(Collected data)
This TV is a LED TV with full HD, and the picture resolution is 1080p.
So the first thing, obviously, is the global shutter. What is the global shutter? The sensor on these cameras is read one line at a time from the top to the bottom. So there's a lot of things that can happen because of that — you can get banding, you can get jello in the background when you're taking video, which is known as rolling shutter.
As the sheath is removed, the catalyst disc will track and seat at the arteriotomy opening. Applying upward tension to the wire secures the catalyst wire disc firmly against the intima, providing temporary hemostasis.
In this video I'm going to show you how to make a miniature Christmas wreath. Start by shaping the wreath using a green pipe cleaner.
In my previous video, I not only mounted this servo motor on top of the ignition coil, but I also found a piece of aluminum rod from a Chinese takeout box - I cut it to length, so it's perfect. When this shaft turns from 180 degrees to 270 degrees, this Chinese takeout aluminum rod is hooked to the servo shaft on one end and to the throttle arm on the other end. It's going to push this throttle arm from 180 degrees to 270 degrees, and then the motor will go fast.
...
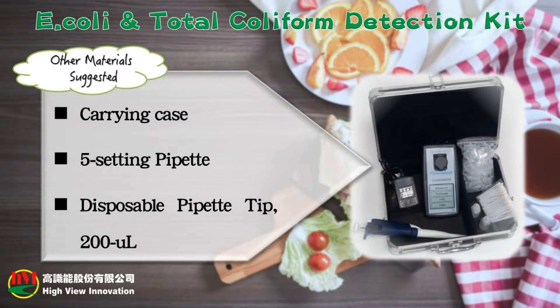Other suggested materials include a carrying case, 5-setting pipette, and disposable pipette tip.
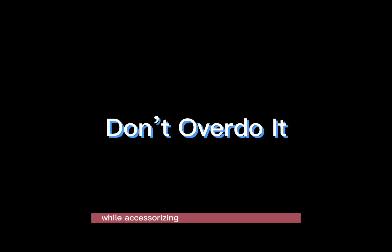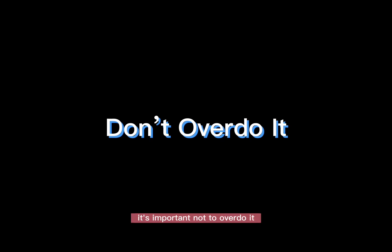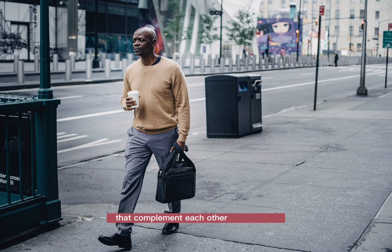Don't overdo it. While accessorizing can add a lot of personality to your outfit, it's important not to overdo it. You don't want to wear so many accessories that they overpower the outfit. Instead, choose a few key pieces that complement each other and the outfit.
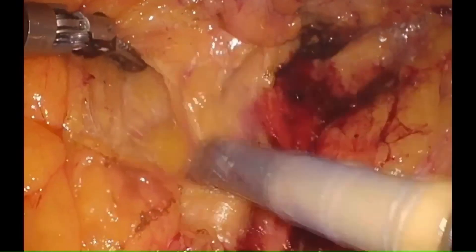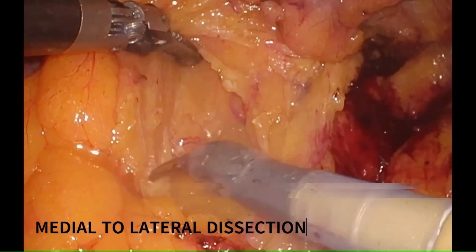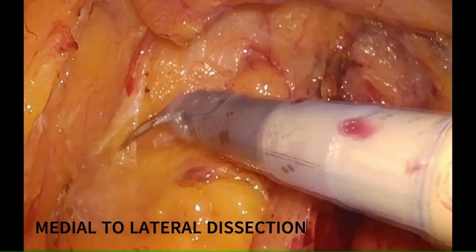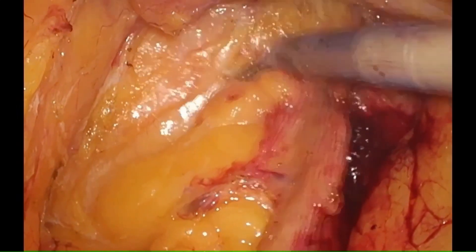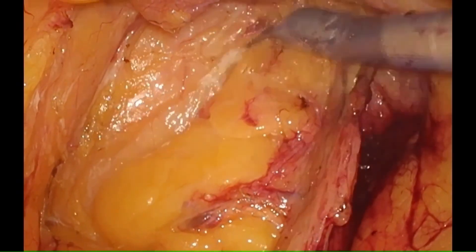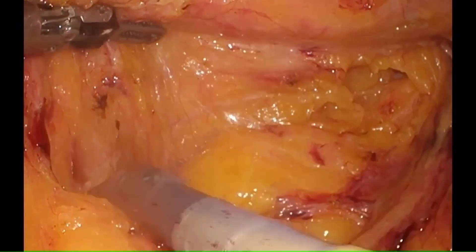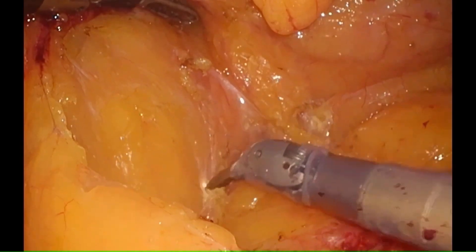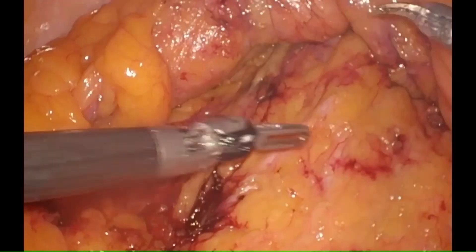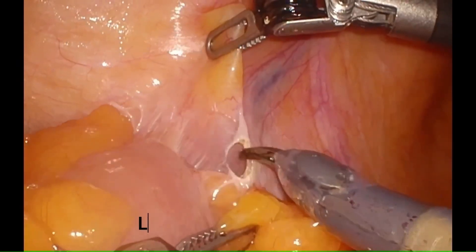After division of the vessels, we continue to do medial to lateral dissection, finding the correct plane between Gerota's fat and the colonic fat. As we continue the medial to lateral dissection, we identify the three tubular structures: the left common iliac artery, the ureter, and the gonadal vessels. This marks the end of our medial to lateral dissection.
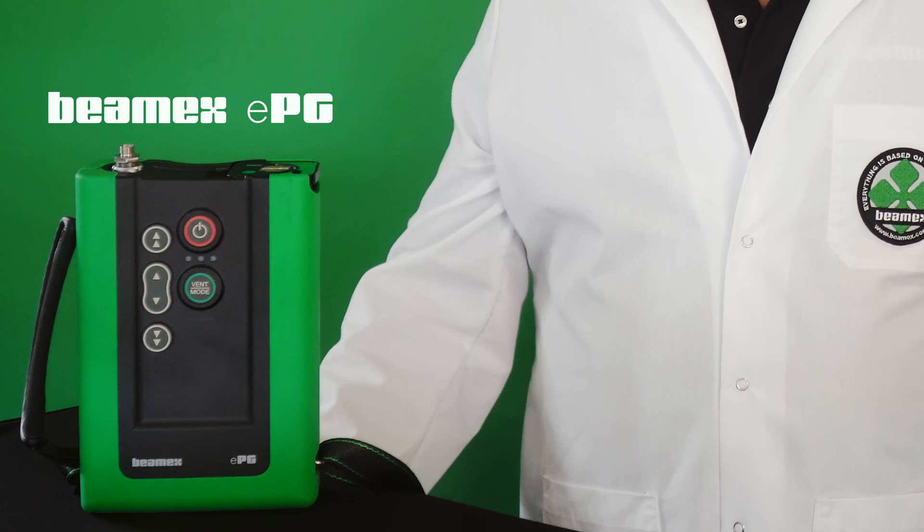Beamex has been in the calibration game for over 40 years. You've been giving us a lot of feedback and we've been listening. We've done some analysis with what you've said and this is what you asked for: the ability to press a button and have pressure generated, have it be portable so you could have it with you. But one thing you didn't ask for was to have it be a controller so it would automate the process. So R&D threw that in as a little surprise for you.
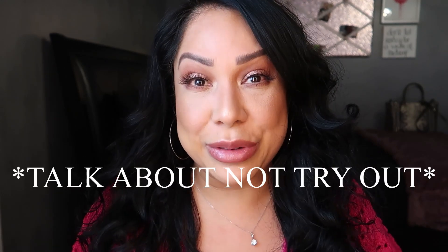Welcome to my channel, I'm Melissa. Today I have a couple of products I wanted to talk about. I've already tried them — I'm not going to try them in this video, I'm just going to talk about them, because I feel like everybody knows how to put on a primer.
* * *
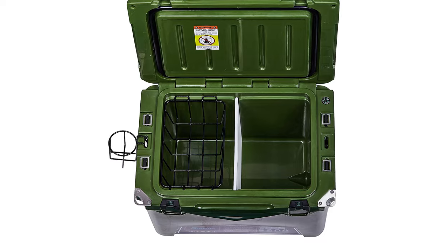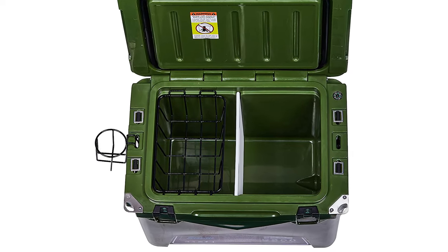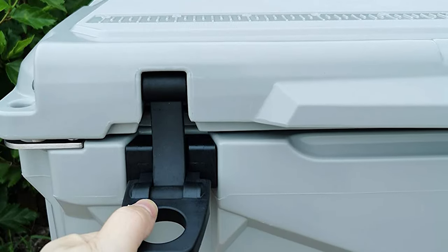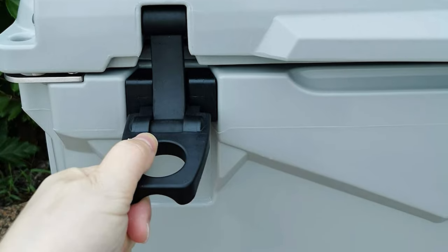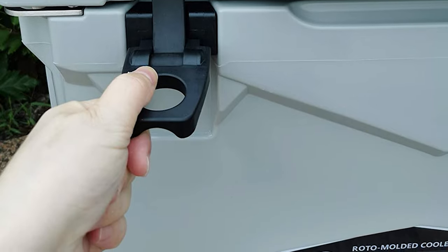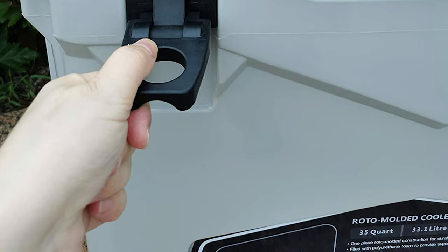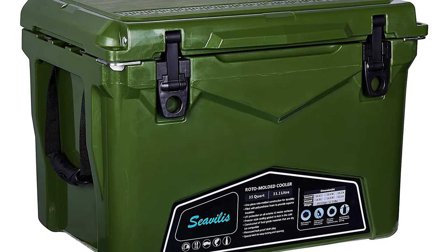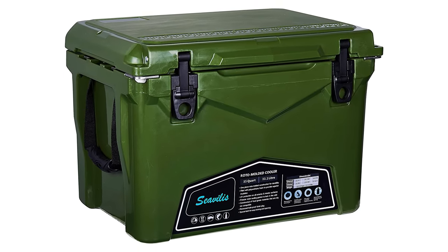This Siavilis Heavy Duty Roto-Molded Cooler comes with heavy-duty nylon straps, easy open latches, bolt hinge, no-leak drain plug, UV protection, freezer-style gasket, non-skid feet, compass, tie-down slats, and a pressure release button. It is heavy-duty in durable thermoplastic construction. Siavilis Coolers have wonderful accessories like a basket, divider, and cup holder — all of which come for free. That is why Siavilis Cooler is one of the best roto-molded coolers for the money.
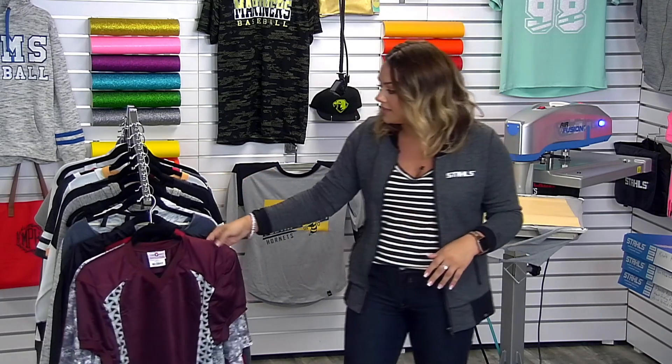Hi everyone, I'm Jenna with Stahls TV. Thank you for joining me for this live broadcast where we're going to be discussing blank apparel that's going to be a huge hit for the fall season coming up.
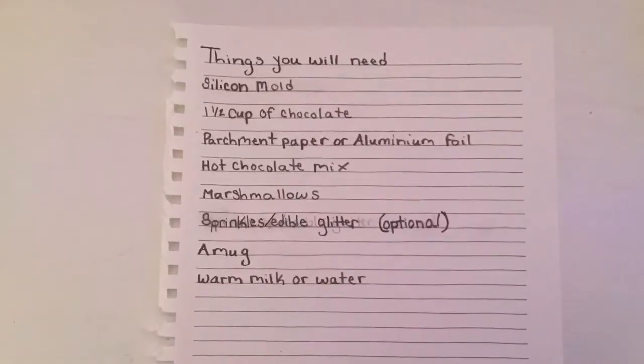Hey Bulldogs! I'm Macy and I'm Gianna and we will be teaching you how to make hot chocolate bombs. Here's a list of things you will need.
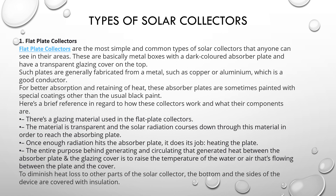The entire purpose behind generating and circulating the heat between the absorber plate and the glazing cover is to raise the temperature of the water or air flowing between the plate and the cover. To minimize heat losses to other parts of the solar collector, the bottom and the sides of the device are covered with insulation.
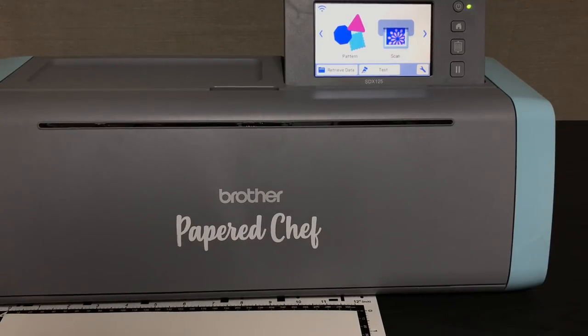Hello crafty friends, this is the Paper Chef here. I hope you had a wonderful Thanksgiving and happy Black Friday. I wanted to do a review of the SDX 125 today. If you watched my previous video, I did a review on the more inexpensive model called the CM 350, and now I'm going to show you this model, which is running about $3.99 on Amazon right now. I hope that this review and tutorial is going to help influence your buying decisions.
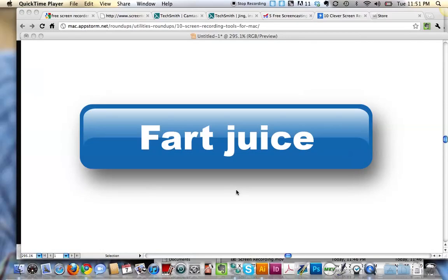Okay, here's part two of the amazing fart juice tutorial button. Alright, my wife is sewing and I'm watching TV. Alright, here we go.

### What the task requires
Copy the lines above exactly, beginning at the line that has "In this video I'm" and stopping after the line that has "In my previous", and omit the rest.

### Expected output
In this video I'm going to show you how to make a miniature Christmas wreath. Start by shaping the wreath using a green pipe cleaner.
In my previous video, I not only mounted this servo motor on top of the ignition coil, but I also found a piece of aluminum rod from a Chinese takeout box - I cut it to length, so it's perfect. When this shaft turns from 180 degrees to 270 degrees, this Chinese takeout aluminum rod is hooked to the servo shaft on one end and to the throttle arm on the other end. It's going to push this throttle arm from 180 degrees to 270 degrees, and then the motor will go fast.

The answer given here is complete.